Adsorption and Diffusion of F2 molecules on Pristine Graphene

TL;DR

This study uses first-principles calculations to analyze how F2 molecules adsorb and diffuse on pristine graphene, explaining its inertness at room temperature and reactivity at higher temperatures, and shedding light on fluorographene stability.

Contribution

It provides detailed insights into the energy barriers and diffusion pathways of F2 on graphene, elucidating the mechanisms behind graphene's inertness and fluorographene's stability.

Findings

F2 molecules face a kinetic barrier when adsorbing on graphene

Graphene remains inert to F2 at room temperature due to this barrier

Higher temperatures enable F2 to react with graphene, leading to fluorographene formation

Abstract

The adsorption and diffusion of F2 molecules on pristine graphene have been studied using first-principles calculations.

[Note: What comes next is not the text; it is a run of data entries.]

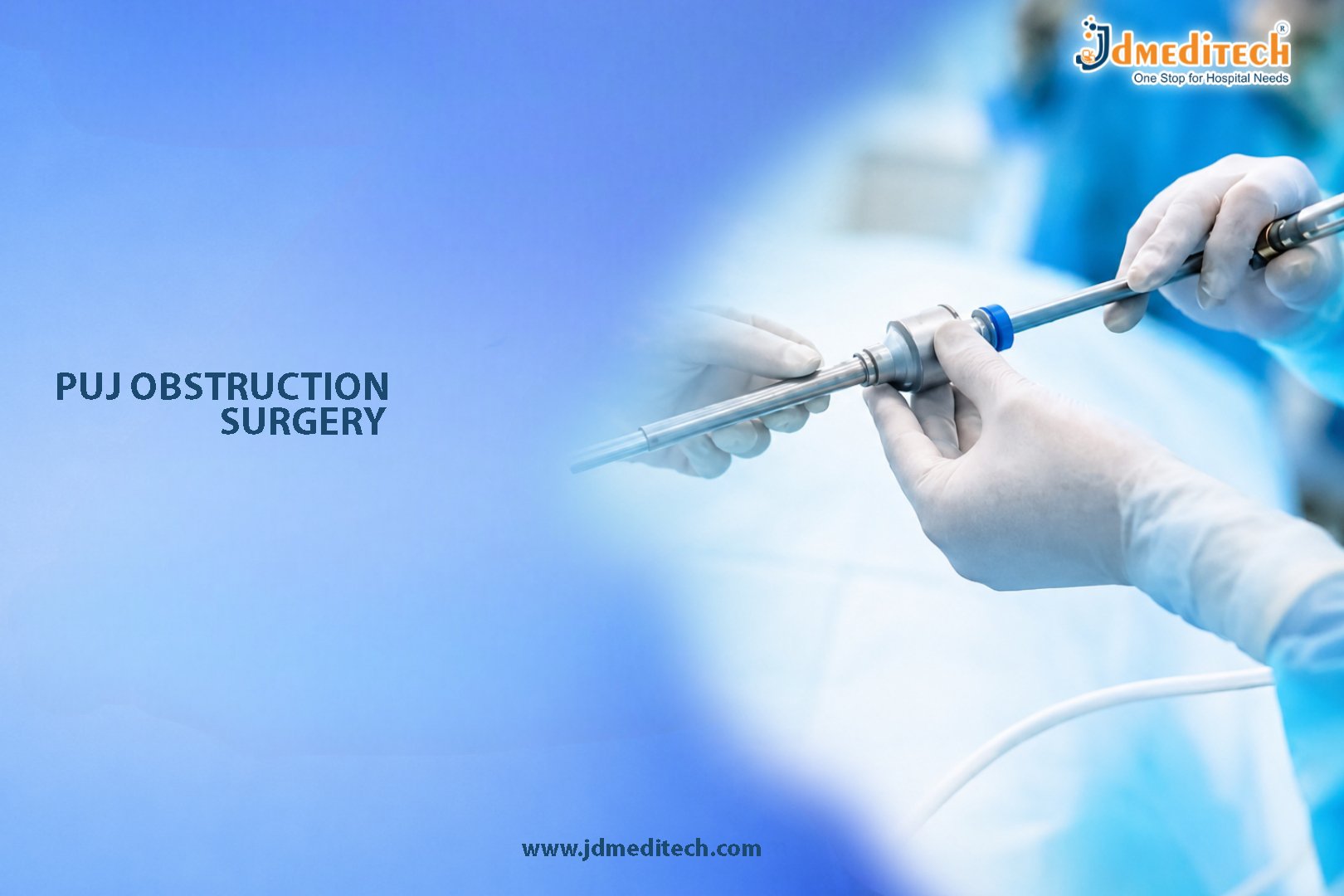 PUJ Obstruction Surgery – Advanced Pyeloplasty Procedure for PUJ Repair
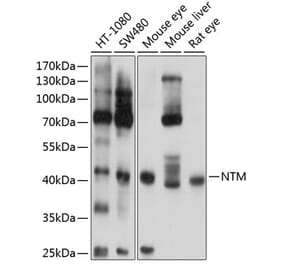 Western Blot - Anti-HNT Antibody (A16281) - Antibodies.com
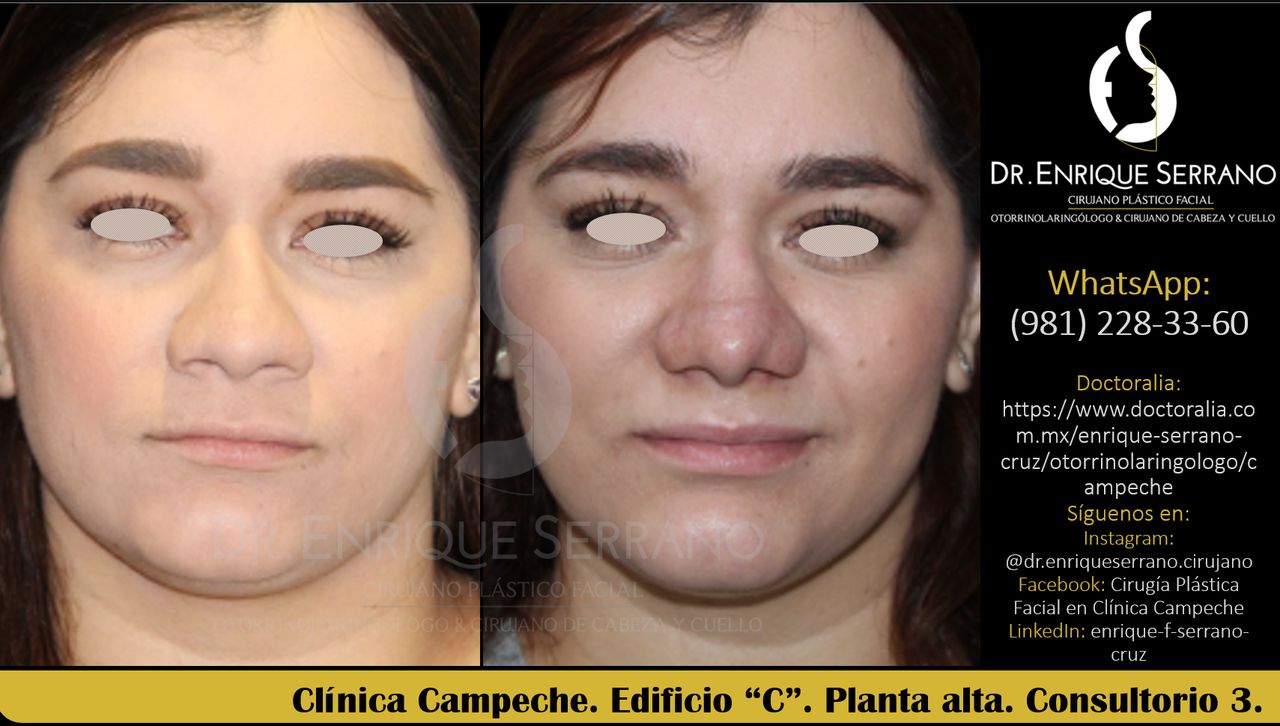 Enrique Serrano Cruz-75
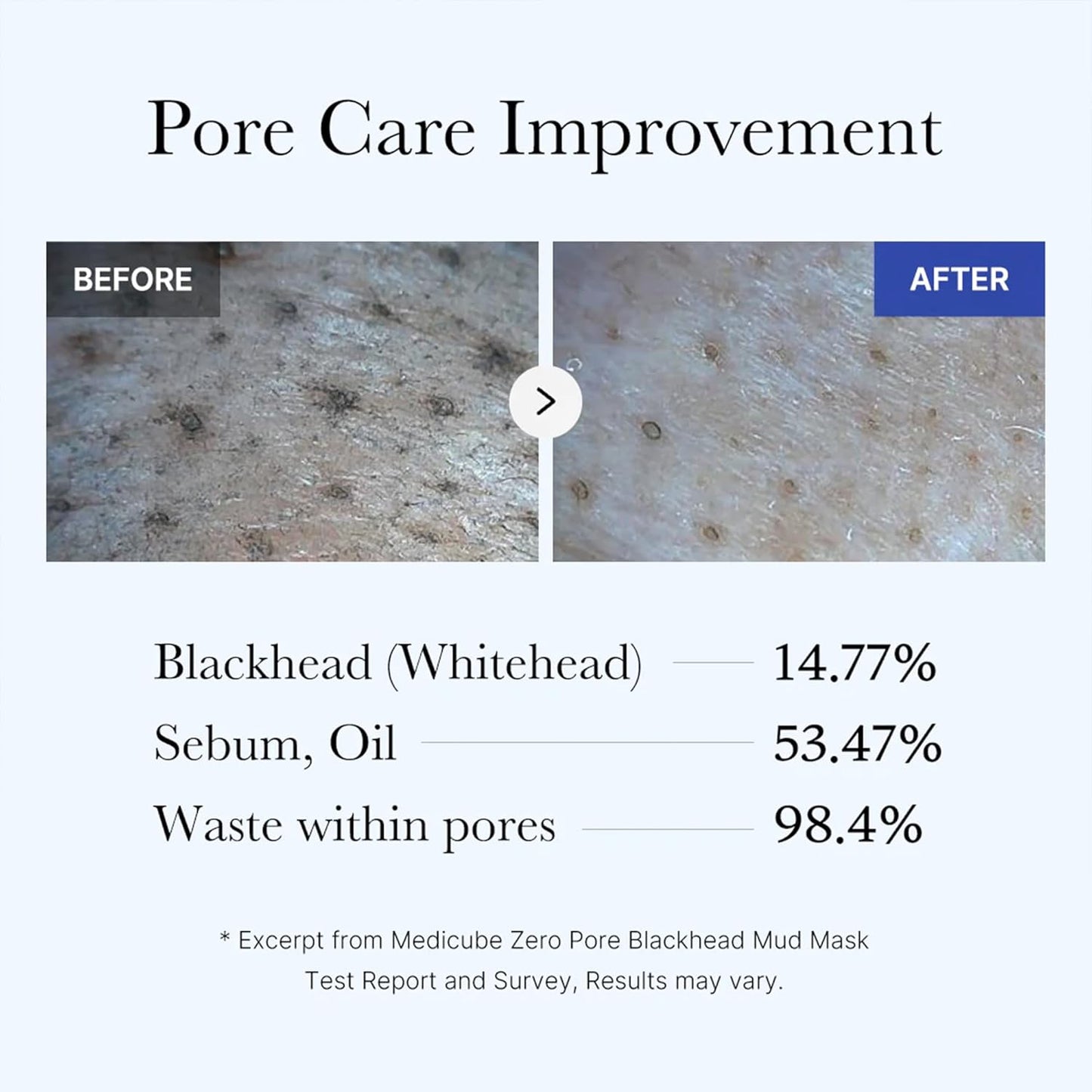 Zero Pore Blackhead Mud Mask | 3 min mud mask | pore care | Strong Blackhead Absorption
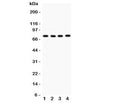 Western blot testing of PKC alpha antibody and Lane 1: rat brain; 2: mouse brain; 3: (m) heart; 4: human 22RV1. Predicted molecular weight: ~77 kDa.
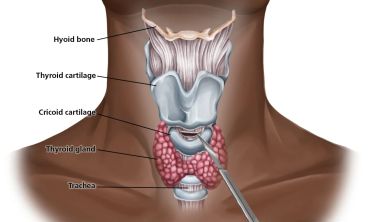 Anatomical illustration of the neck showing thyroid gland and related structures.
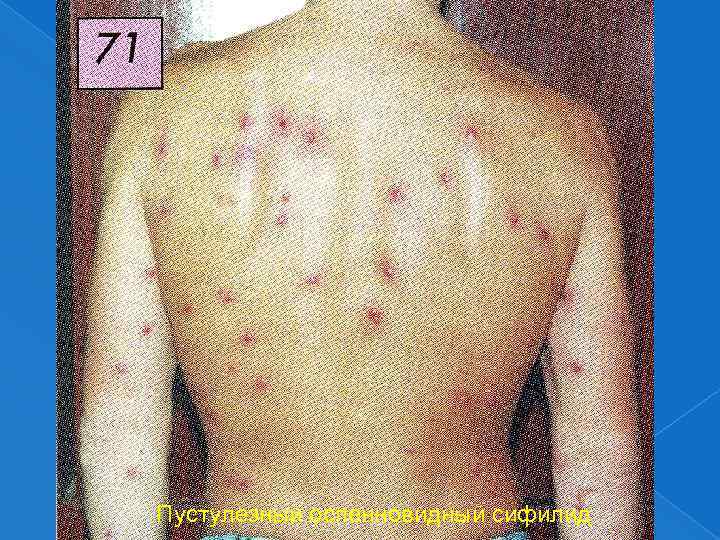 Пустулезный оспенновидный сифилид 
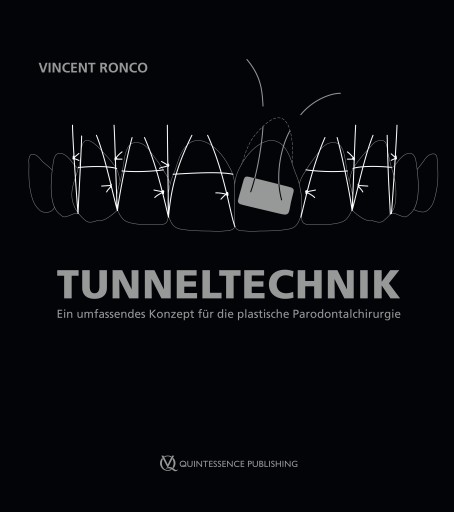 Tunneltechnik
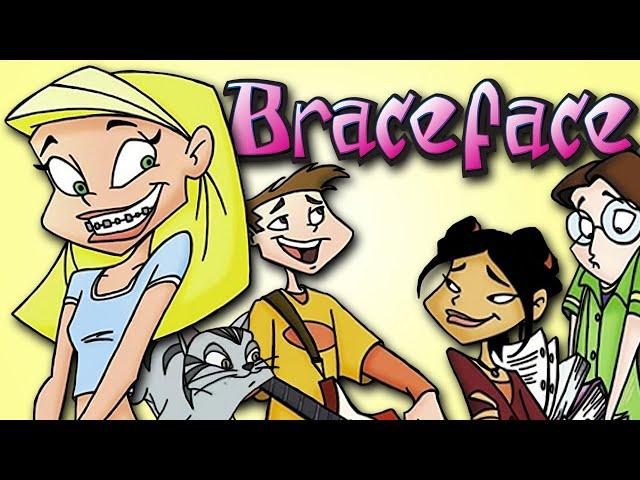 WAIT... Remember Braceface?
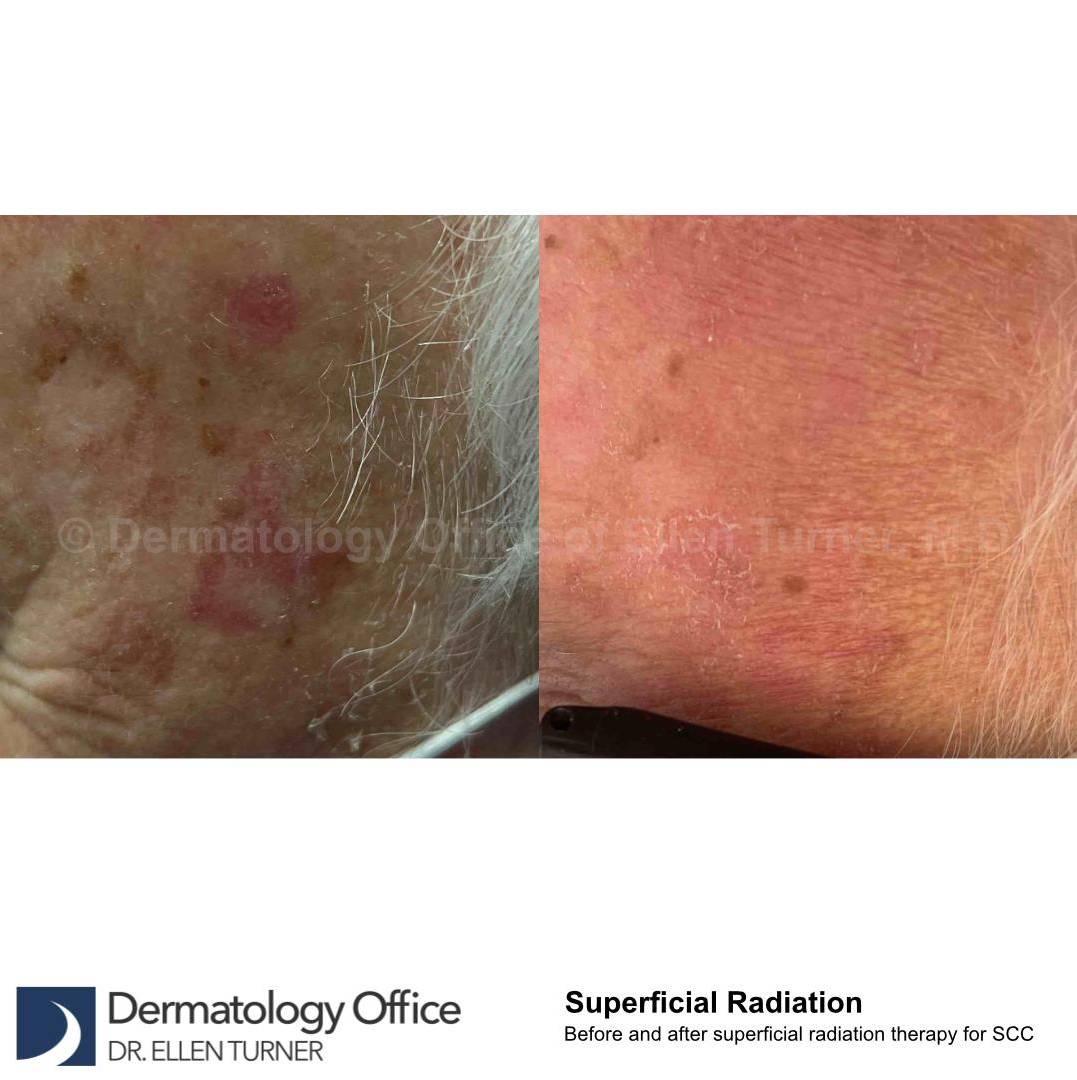 SRT-100 Before and After Case 30 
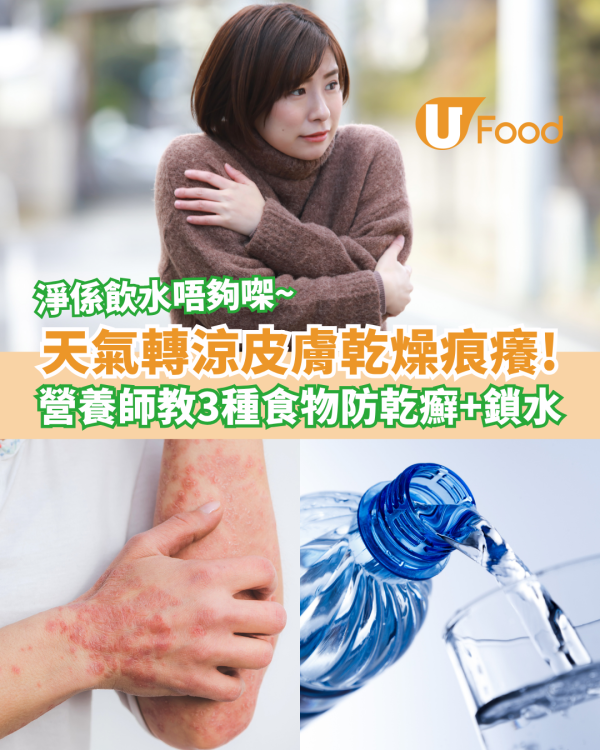 【乾燥皮膚】天氣轉涼皮膚容易有乾燥痕癢！台灣營養師教你吃3種食物預防乾癬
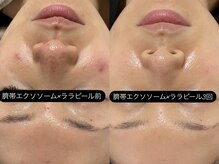グラン ジュテの雰囲気（臍帯エクソソーム×プラピールorララピールで極上艶肌へ）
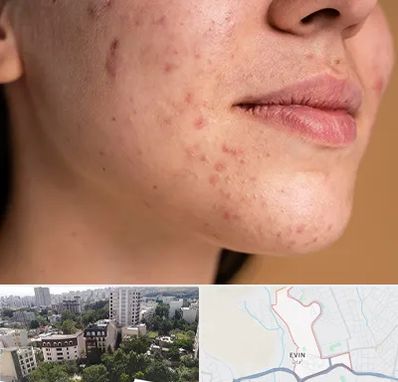 درمان جای جوش در اوین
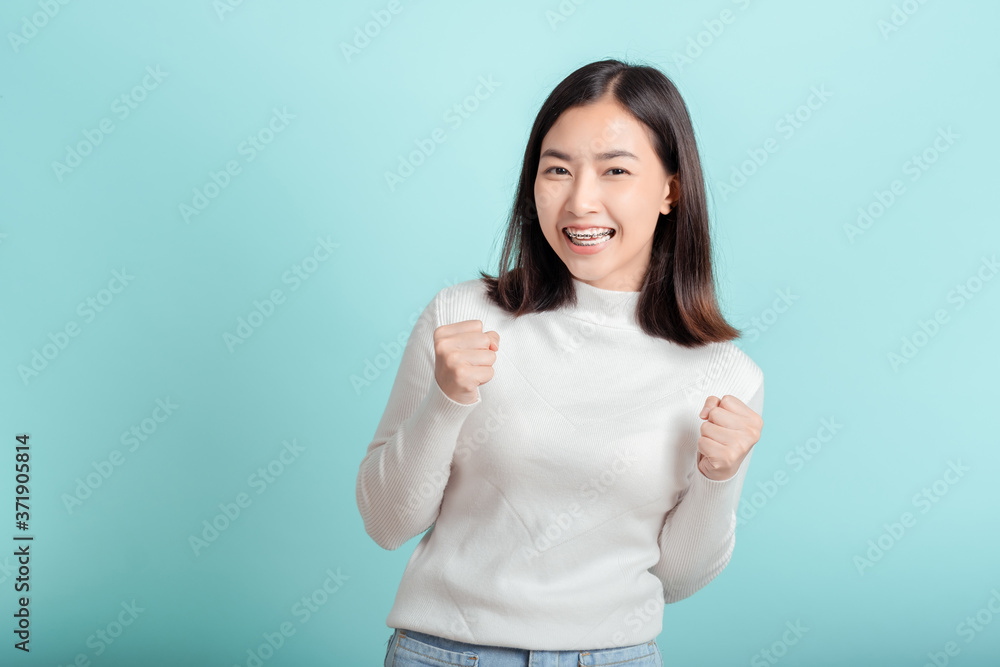 Dental braces of young asian woman wearing braces with white teeth concept. Dental braces of young asian woman wearing braces with white teeth concept.
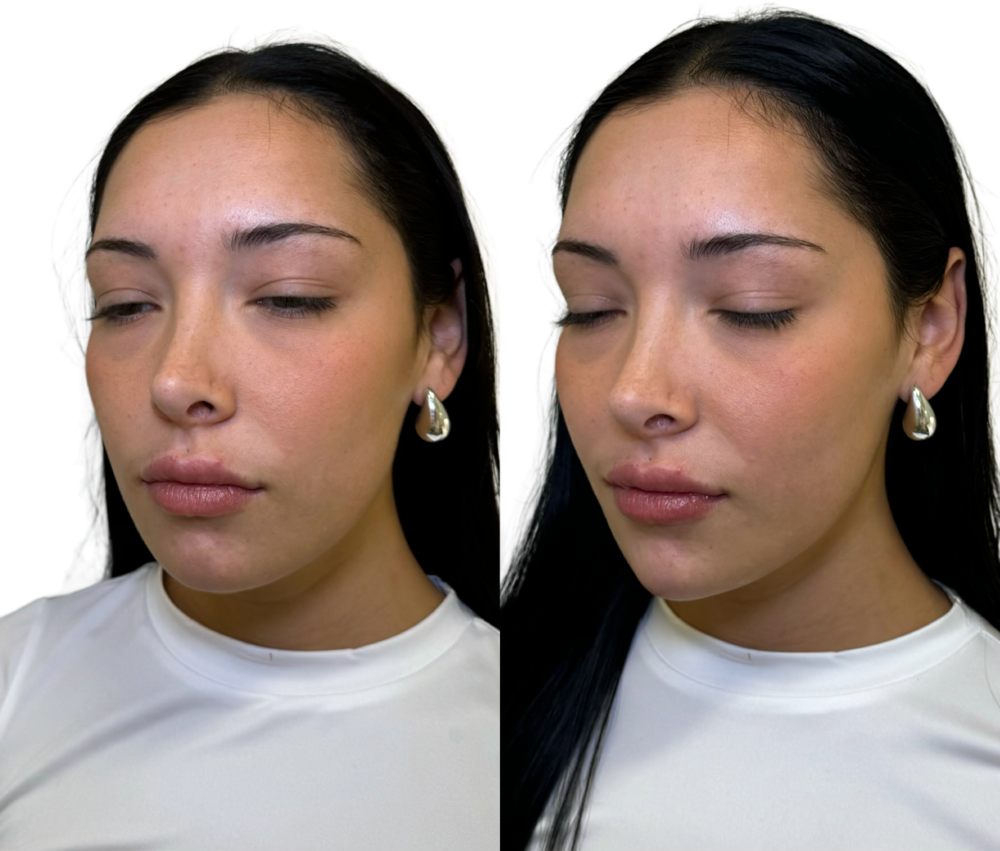 Juvederm Before & After
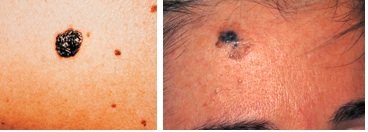 melanomas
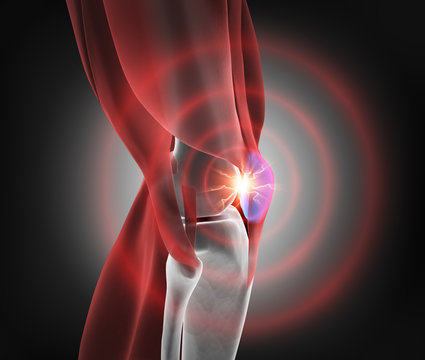 Meniskus - Schmerz im Knie 2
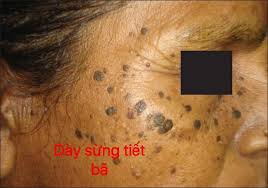 Dày sừng - Hình ảnh minh họa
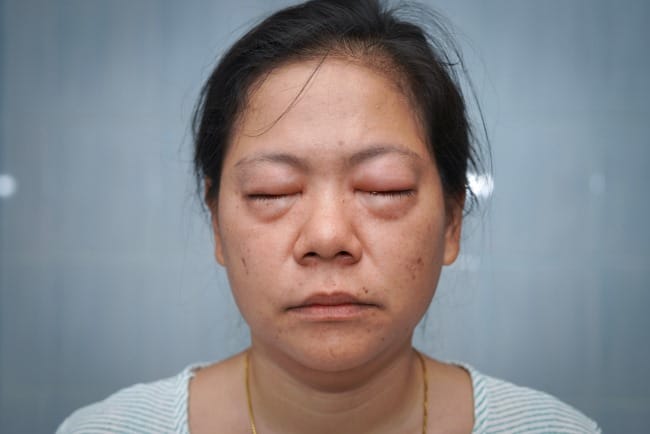 6 Obat Sakit Mata Bengkak yang Ampuh dan Efektif - Alodokter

For the diffusion of F2 from molecular state in gas phase to the dissociative adsorption state on graphene surface, a kinetic barrier is identified, which explains the inertness of graphene in molecular F2 at room temperature, and its reactivity with F2 at higher temperatures. Studies on the diffusion of F2 molecules on graphene surface determine the energy barriers along the optimal diffusion pathways, which help to understand the high stability of fluorographene.